Search code examples
rtime-seriesforecastingarima

How to forecast an arima with Dynamic regression models for grouped data?


I'm trying to make a forecast of a arima with regression (Regression with ARIMA errors) to several ts at the same time and using grouped data.

I'm new in the tidy data so... Basically, I'm reproducing this example (https://cran.rstudio.com/web/packages/sweep/vignettes/SW01_Forecasting_Time_Series_Groups.html) with a multivariate ts, and multivariate model.

here is a reproducible example:

library(tidyverse); library(tidyquant)
library(timetk); library(sweep)
library(forecast)
library(tsibble)
library(fpp3)

# using package data
bike_sales

# grouping data 
monthly_qty_by_cat2 <- bike_sales %>%
  mutate(order.month = as_date(as.yearmon(order.date))) %>%
  group_by(category.secondary, order.month) %>%
  summarise(total.qty = sum(quantity), price.m = mean(price))

# using nest 
monthly_qty_by_cat2_nest <- monthly_qty_by_cat2 %>%
  group_by(category.secondary) %>%
  nest()
monthly_qty_by_cat2_nest

# Forecasting Workflow
# Step 1: Coerce to a ts object class
monthly_qty_by_cat2_ts <- monthly_qty_by_cat2_nest %>%
  mutate(data.ts = map(.x       = data, 
                       .f       = tk_ts, 
                       select   = -order.month,  # take off date 
                       start    = 2011, 
                       freq     = 12))


# Step 2: modeling an ARIMA(y ~ x)
# make a function to map
modeloARIMA_reg <- function(y,x) {
  result <- ARIMA(y ~ x)
  return(list(result))}

# map the function 
monthly_qty_by_cat2_fit <- monthly_qty_by_cat2_ts %>%
  mutate(fit.arima = map(data.ts, modeloARIMA_reg))
monthly_qty_by_cat2_fit

Here I dont know if the map is using the right variable in y (the dependent), but I keep going try the forecast and an error appears

# Step 3: Forecasting the model
monthly_qty_by_cat2_fcast <- monthly_qty_by_cat2_fit %>%
  mutate(fcast.ets = map(fit.arima, forecast))

# this give me this error
# Erro: Problem with `mutate()` input `fcast.arima`.
# x argumento não-numérico para operador binário
# i Input `fcast.arima` is `map(fit.arima, forecast)`.
# i The error occured in group 1: category.secondary = "Cross Country Race".
# Run `rlang::last_error()` to see where the error occurred.
# Além disso: Warning message:
#   In mean.default(x, na.rm = TRUE) :
#   argument is not numeric or logical: returning NA

Two questions emerge:

I dont know how to input the mean of the independent variable (x) of each group;

AND how to declare this new data as a forecast argument.

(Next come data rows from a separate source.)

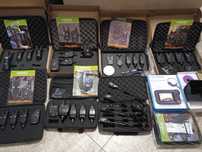Сигналізатори  HIRISI S6,S7 S74D,HRS1,S3,S8,S9.Свінгера.Ехолоти.Камери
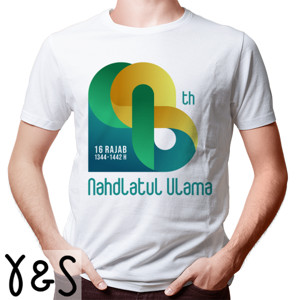 Kaos Kaos NU 98 Tahun (hijriah)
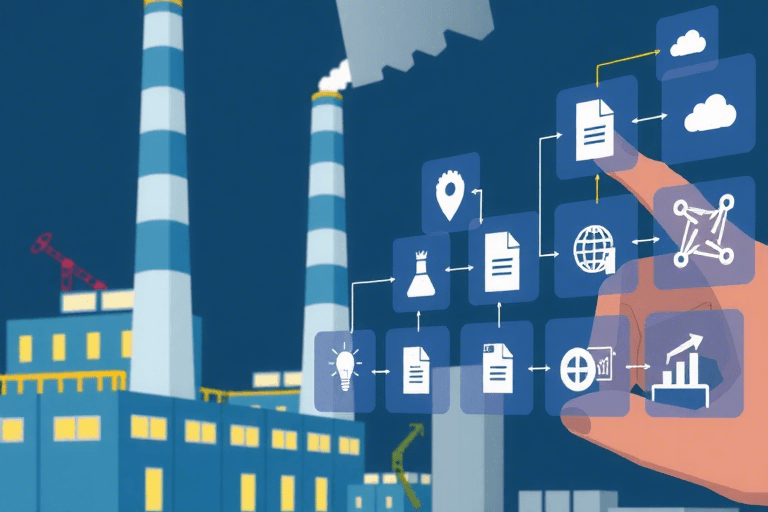 如何有效地进行厂房建筑工程资料管理？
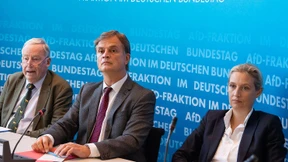 AfD verliert in der Wählergunst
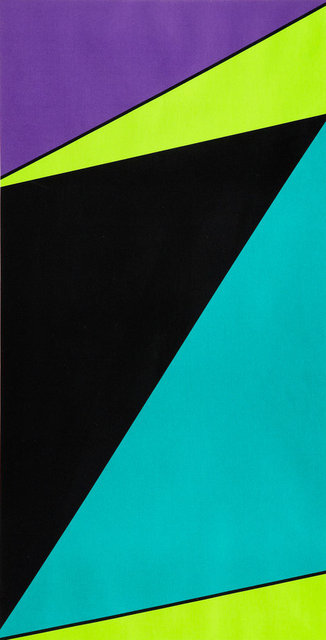Olle Baertling, ‘VEBAMAK’, 1965, Print, Silkscreen, Galerie Nordenhake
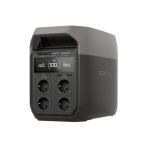 Зарядна станція EcoFlow DELTA 3 (Авіа 3600 Вт год) EFDELTA3P-EU-AV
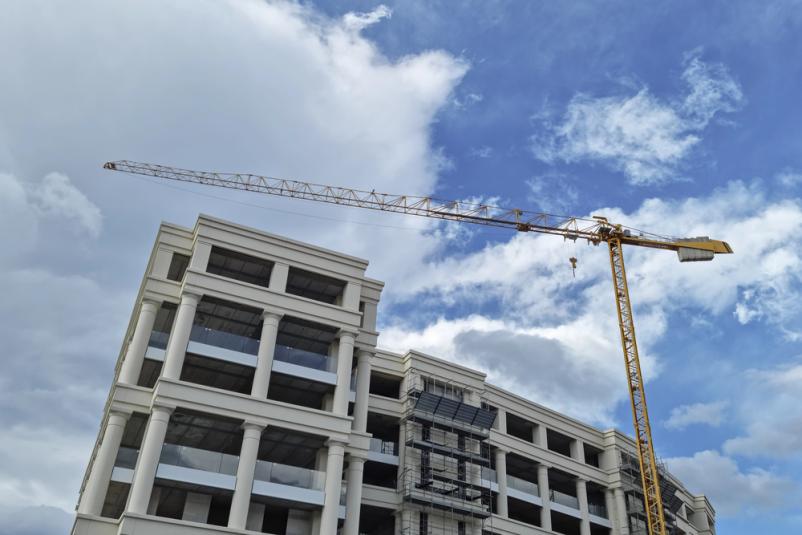 Smo prva in prava izbira za visoke gradnje!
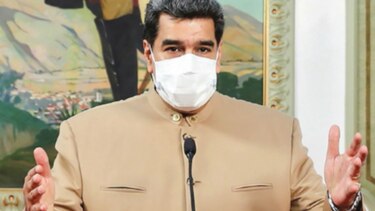 Maduro plantea el ‘diálogo directo’ con Estados Unidos que incluya el regreso de su encargado de negocios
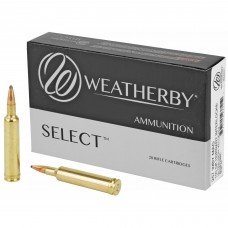 Weatherby Select, 257 Weatherby Magnum, 100Gr, InterLock, 20 Round Box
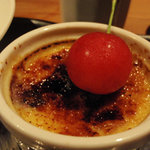 クリームブリュレ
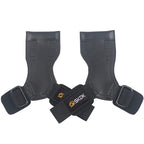 Weight Lifting Grip Pads Crossfit Bodybuilding Palm Protector Squat Gym Gloves Fitness Sports Training Equipment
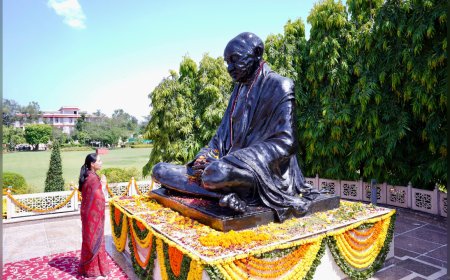 सेवा संकल्प अभियान: उपमुख्यमंत्री दिया कुमारी पहुंचीं जयपुर के SOS Children's Village, बच्चों से किया संवाद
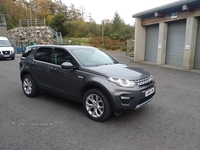 Land Rover Discovery Sport Tdi in Down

PS: Dont need be tibble or nested result, I just need the point forecast and the CI (total.qty lo.95 hi.95)


Solution

  • Well, this code solve the problem for me. This make one forecast for each time-series (grouped tsibble) and use the own mean value of those time-series as future data in the forecast Any comment is welcome.

    # MY FLOW
    monthly_qty_by_cat2 <- 
      sweep::bike_sales %>%
      mutate(order.month = yearmonth(order.date)) %>%
      group_by(category.secondary, order.month) %>%
      summarise(total.qty = sum(quantity), price.m = mean(price)) %>% 
      as_tsibble(index=order.month, key=category.secondary) # coerse in tsibble
    # mean for the future
    futuro <- monthly_qty_by_cat2 %>% 
      group_by(category.secondary) %>% 
      mutate(fut_x = mean(price.m)) %>% 
      do(price.m = head(.$fut_x,1))
    # as.numeric
    futuro$price.m <- as.numeric(futuro$price.m)
    futuro
    # make values in the future
    future_x <- new_data(monthly_qty_by_cat2, 3) %>%
      left_join(futuro, by = "category.secondary")
    future_x
    
    # model and forecast
    fc <- monthly_qty_by_cat2 %>% 
      group_by(category.secondary) %>% 
      model(ARIMA(total.qty ~ price.m))  %>%
      forecast(new_data=future_x)  %>% 
      hilo(level = 95) %>% 
      unpack_hilo("95%")
    fc
    
    # Tidy the forecast
    fc_tibble <- fc %>%  as_tibble() %>% select(-total.qty)
    fc_tibble
    # the end
    

    Well this solve the problem for me. This make one forecast for each group time-series and use the own mean value of those group time-series as future data in the forecast Any comment is welcome.